= Miwa Matreyek =

Miwa Matreyek is a director, animator, and designer working in Los Angeles, California. In 2007, Matreyek received her MFA in Experimental Animation and Integrated Media at the California Institute of the Arts. While being a student, she developed her talent and passion for animation and collage. Matreyek collaborated with fellow students and interactive multi-media expert Chi-wang Yang and American singer Anna Oxygen to form a theater company called Cloud Eye Control. Miwa Matreyek blends animation, collage, and performance together in order to present her work of art to the public. She uses her own shadow body, rear-projected animation, and perfect timing in her work. Matreyek won the Student Grand Prize at the Platform Festival for her thesis project performance Dreaming of Lucid Living in 2007. She is known for her performance Myth and Infrastructure (2010) and her short film Lumerence (2012), which its premiere was presented at the reputable TED Global Conference in Oxford, England in July 2010. Matreyek's art (performances, short films, and installations) have been presented in many conferences, festivals, museums, schools and art centres.

== Career ==
Miwa Matreyek's first performance Ocean Flight (2005) is a piece of art put together with the help of MFA student Chi-wang Yang and singer Anna Oxygen. Matreyek will wait two years before putting out another animated performance. Matreyek's second performance, Dreaming of Lucid Living (2007), was her M.F.A thesis project. Her work was nominated for the Student Grand Prize at the Platform Festival, which she won.

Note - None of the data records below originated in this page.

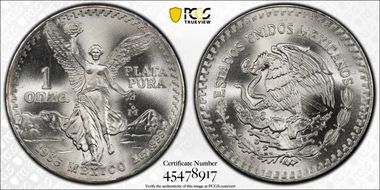 1986-Mo Onza Libertad Ag MS68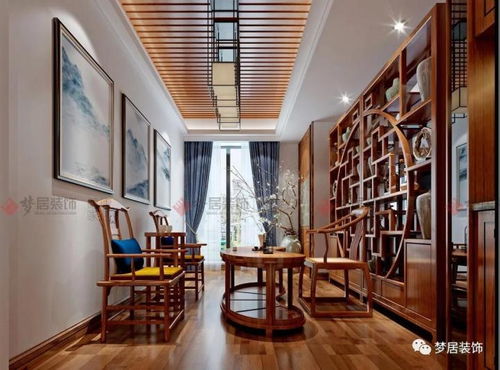 中山夢居裝飾255平中式風裝修案例，感受中式雅致家居之美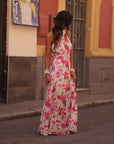 Robe Laly à fleurs
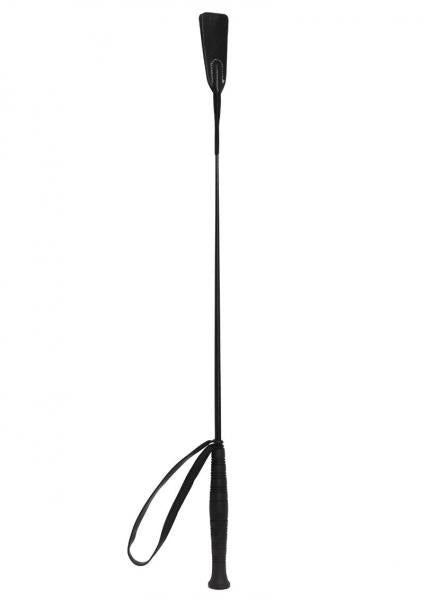 26 Inch Basic Riding Crop Black Leather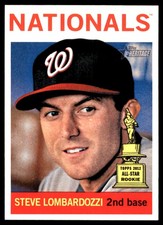 Steve Lombardozzi 2013 Topps Heritage #73 Nationals MLB READ FREE SHIPPING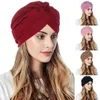 Berretti da donna turbante nodo pre -legato cappello cappello da testa in cofano fatto con te hat ha oh oh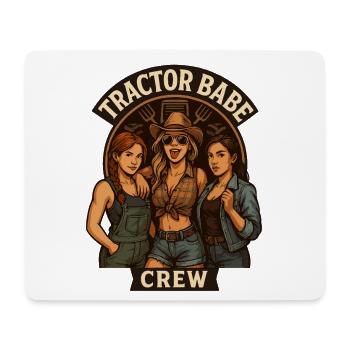 Équipe de Tracteurs Femmes Fermières Fierté - Tapis de souris (format paysage) - blanc - Devant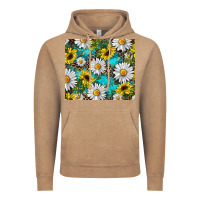 Vintage Coffee Daisy and sunflower Vintage Hoodie - RanaPortraitStore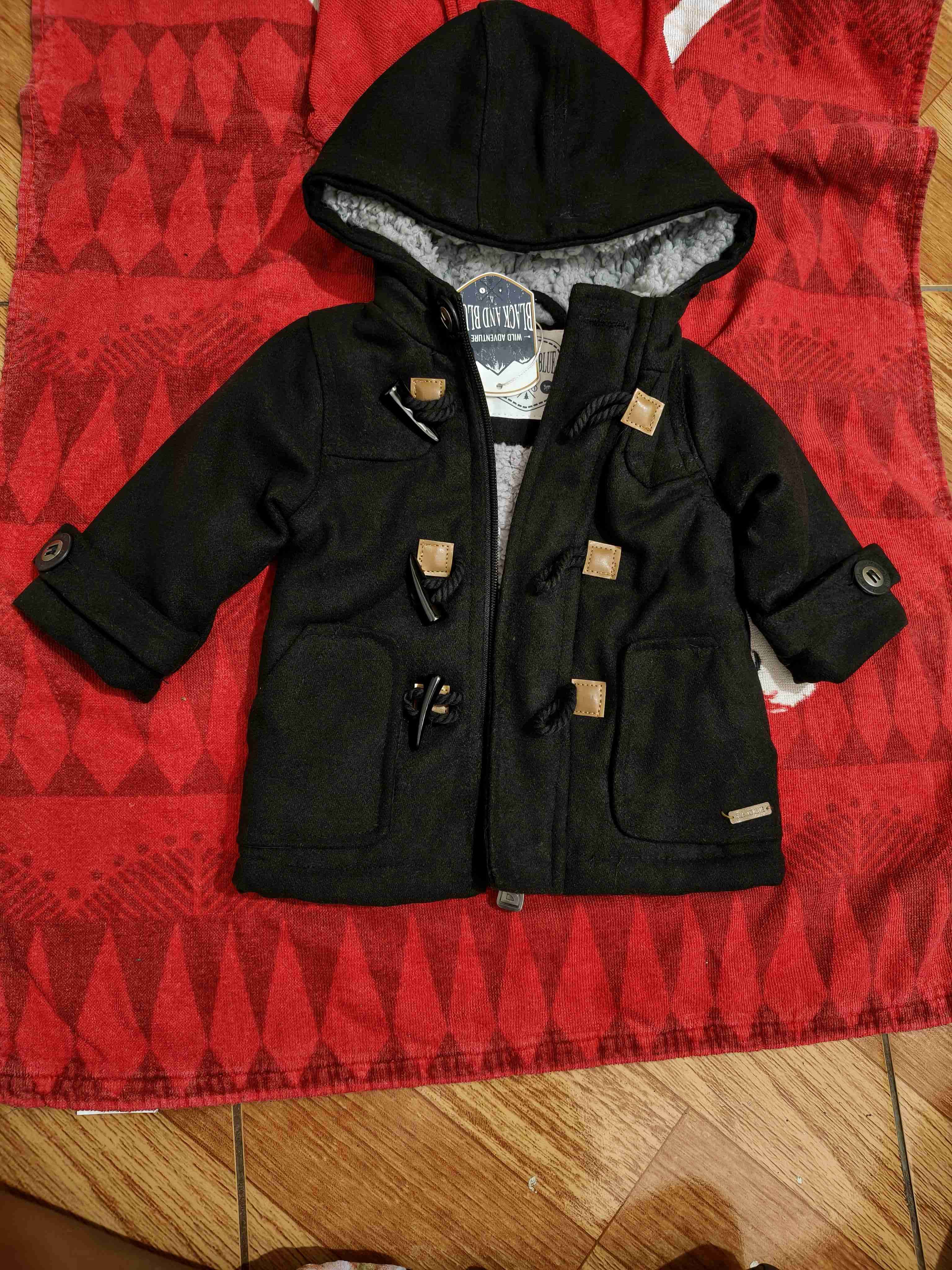 Abrigo talla 3 neses con capucha Black AND Blue - miniatura 3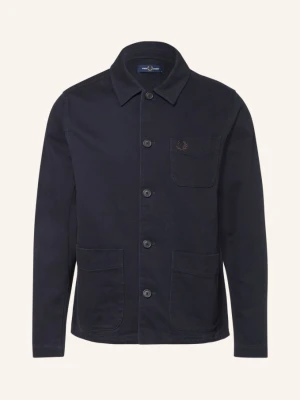Fred Perry Koszula Wierzchnia Z Sztruksu blau GRANATOWY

Two years later, in 2009, Matreyek's work was globally praised with the release of a short film, Panorama City (2009). In the same year, Matreyek had an installation called City Lights (2009). The installation is a mix of the artist's different talents like animation, collages, and her shadow body. Matreyek's second short film, Lumerence (2012), came out three years after her first short film, Panorama City. The film has a more experimental approach, since she used collages and digital software to add a narrative to her story.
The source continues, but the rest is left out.